I’ll go first, but as I do — HERE ARE FOUR QUESTIONS TO HELP YOU GET STARTED.
WHEN DID IT START?
When did you first start showing an interest in global things?
This is where the camel comes in for me. He was a gift from my grandparents who had traveled to the other side of the planet and stopped off to see the pyramids along the way. They weren’t what I would call “travel savvy” but they knew better than to come home without some souvenirs for the grandkids.
I know now from my own experience with airport gift-shop, guilt purchases how the trinkets made their way to my cousins, my siblings and me.
I also know roughly how much they cost.
None of that mattered when I was five. They might as well have been The Crown Jewels or the Holy Grail or a real camel. I was giddy.
I didn’t notice it then but I loved those things more than anyone else did. I thought we were all as excited as I was. They just thought I was weird.
WHAT TWEAKED YOU?
What experiences stirred your global interest?

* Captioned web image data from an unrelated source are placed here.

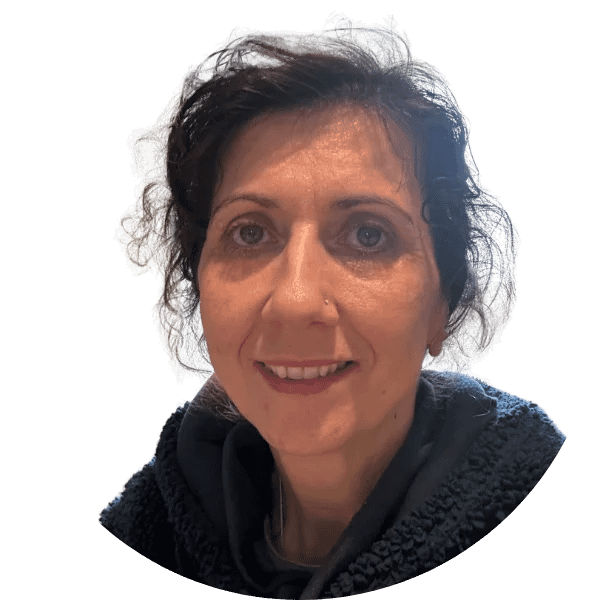 Photographie d'Ingrid, médium et thérapeute, votre guide pour explorer les annales Akashiques.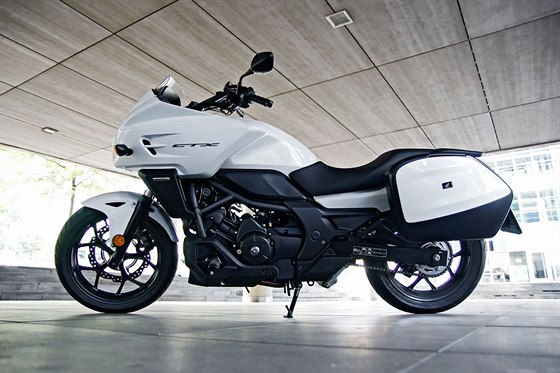 Honda CTX 700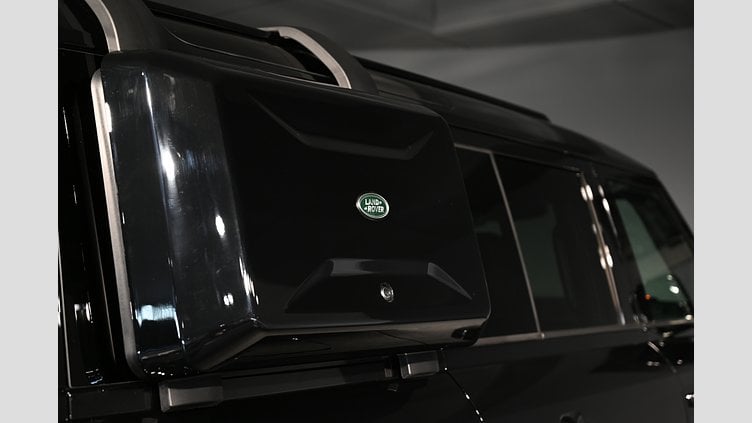 2025 Ny Land Rover Defender 110 Santorini Black AWD 110 P300e X-Dynamic SE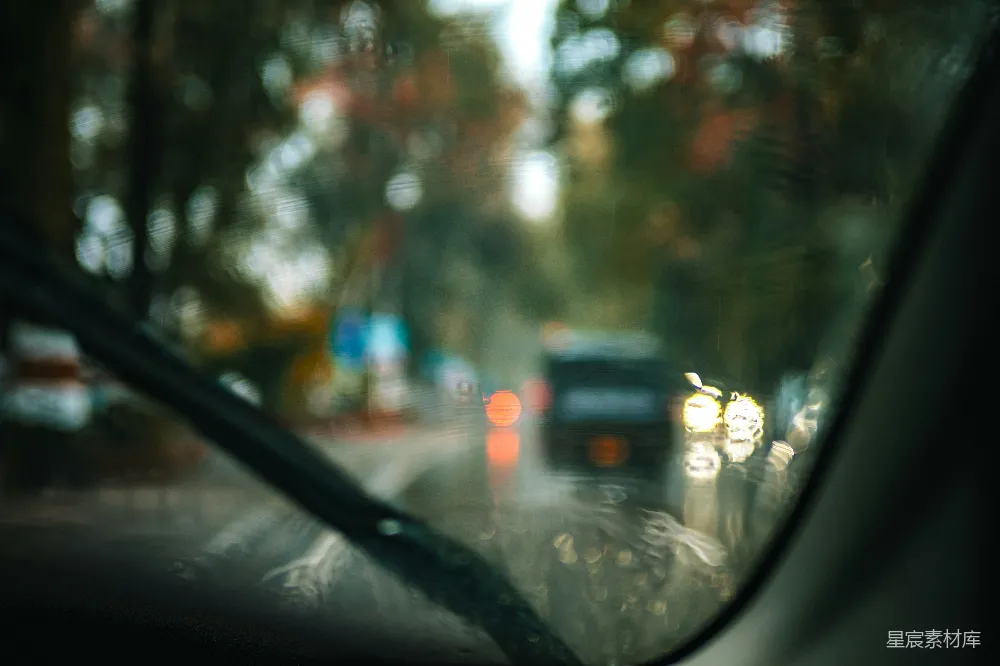 高清摄影 透过雨天的挡风玻璃看模糊的交通灯。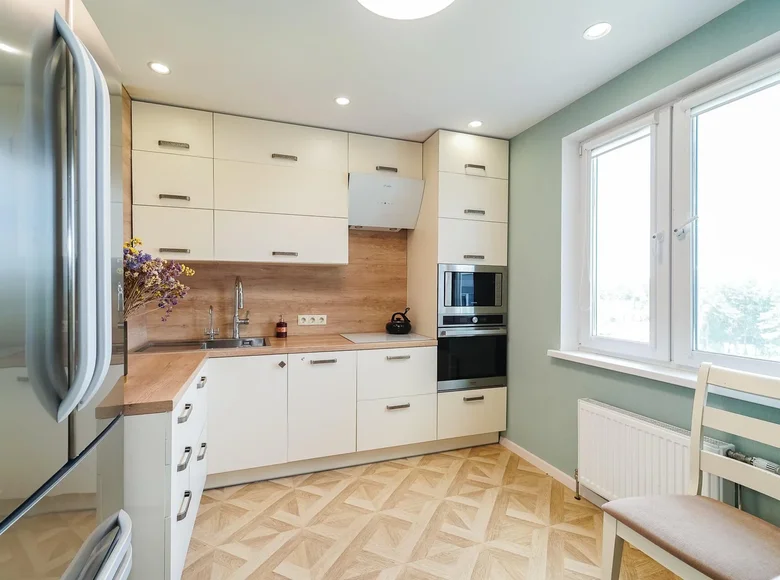 Mieszkanie 3 pokoi 75 m² Mińsk, Białoruś
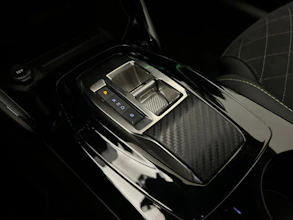 https://vehicle.imgix.net/4404270/ddf71a9d-2f11-45dd-8ce1-00d6d6493365.jpg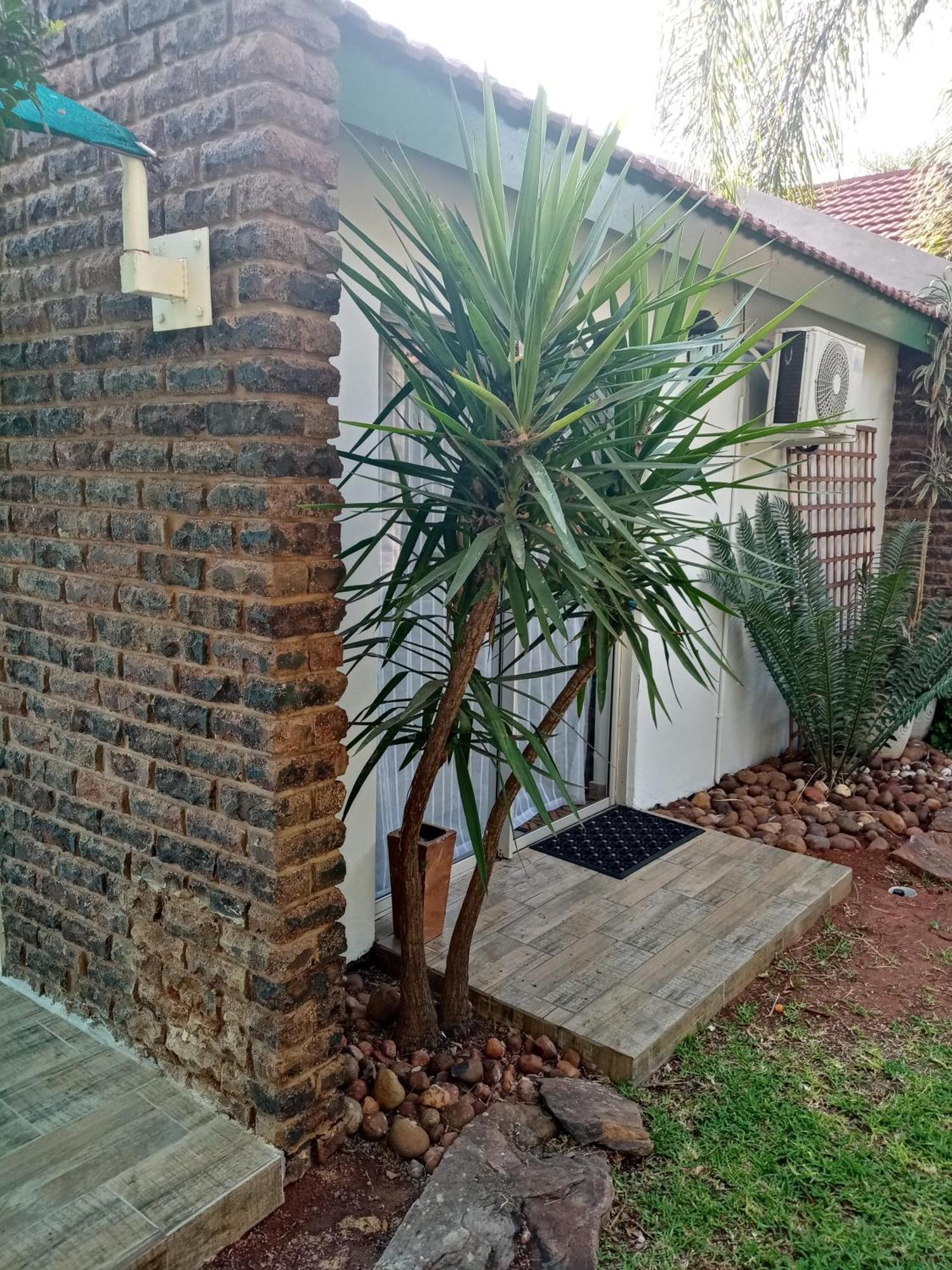 De La Rose Guesthouse Lephalale Exterior foto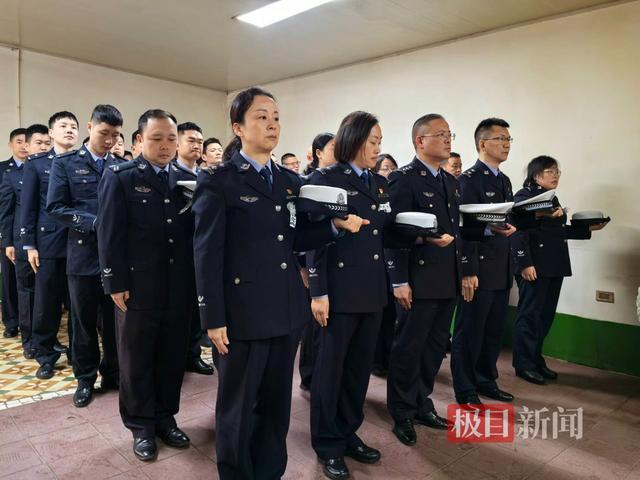 25岁救人牺牲辅警遗体告别仪式举行 英雄本色感天地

I vividly remember riding home on the bus and digging through my new bag (Mom’s yard sale find). It was cheap, used, fake leather with a tag that rocked my world.
“Made in Taiwan.”
Endorphins must have blasted my 2nd-grade brain because I could paint you a picture of that exact moment to this day. I leaped off the bus, ran inside and screamed, “MOM! MOM! LOOK AT THIS!!”
Her response was underwhelming.
“Uh, honey, everything is made in Taiwan.”

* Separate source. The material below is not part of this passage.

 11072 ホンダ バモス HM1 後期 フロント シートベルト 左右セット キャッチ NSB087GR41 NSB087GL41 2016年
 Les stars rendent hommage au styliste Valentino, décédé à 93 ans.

It was still a big day for me.
Other world-rocking experiences include but are not limited to:
- Scrounging through my Grandfathers WW2 memories.

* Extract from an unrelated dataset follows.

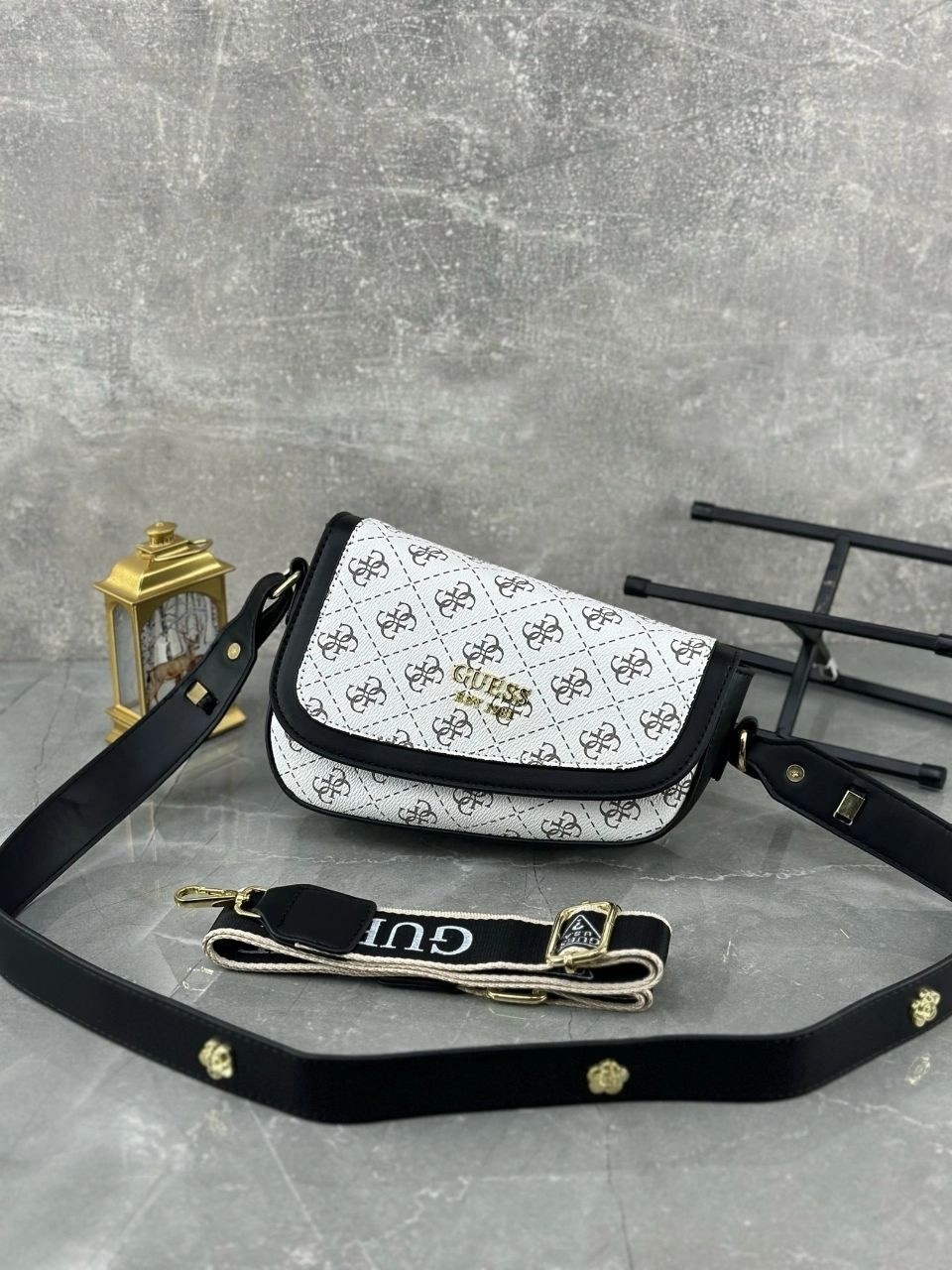 сумка женская guess,сумка guess белая,сумка седло guess,сумка guess,сумка guess сумка guess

- Meeting a real live foreign exchange student from a whole other country.
- National Geographic Magazine.
- Eating Taco Bell for the first time (don’t even try to steal my joy).
WHO WERE THEY?
What people expanded your horizons?
A missionary to the Phillippines handed me a one peso coin at the Mt. Zion General Baptist Church which was located 30 miles into a cornfield in any direction. I was 6 and it was the first time I had touched non-U.S. currency. Another moment imprinted on my brain.
My Grandpa told me one story about meeting a Chinese boy in the war . . . 14 times.
My wife had spent 6 months in Taiwan before we ever met. She acted like it was no big deal. It so was.
WHAT ARE YOU GIVING BACK?
How are you influencing the next generation of global people?
Not everyone gets excited about global things. That makes no sense to me but I’ve finally come to realize that I’m the weird one.
I’m good with that but every once in a while another weird, younger version of me pops up.
The kids that go bug-eyed when they find out where we live.
The ones that ask, “how do you spell my name in Chinese?”
The high-seas adventurers who feel like they’ve struck gold when they get their first set of chopsticks.
Consider this a challenge to simply keep an eye out for those golden moments and be willing to hang out there for a bit. That’s a solid investment in the future of global people.
Alright — I went first. What’s your story? Why are you the way you are?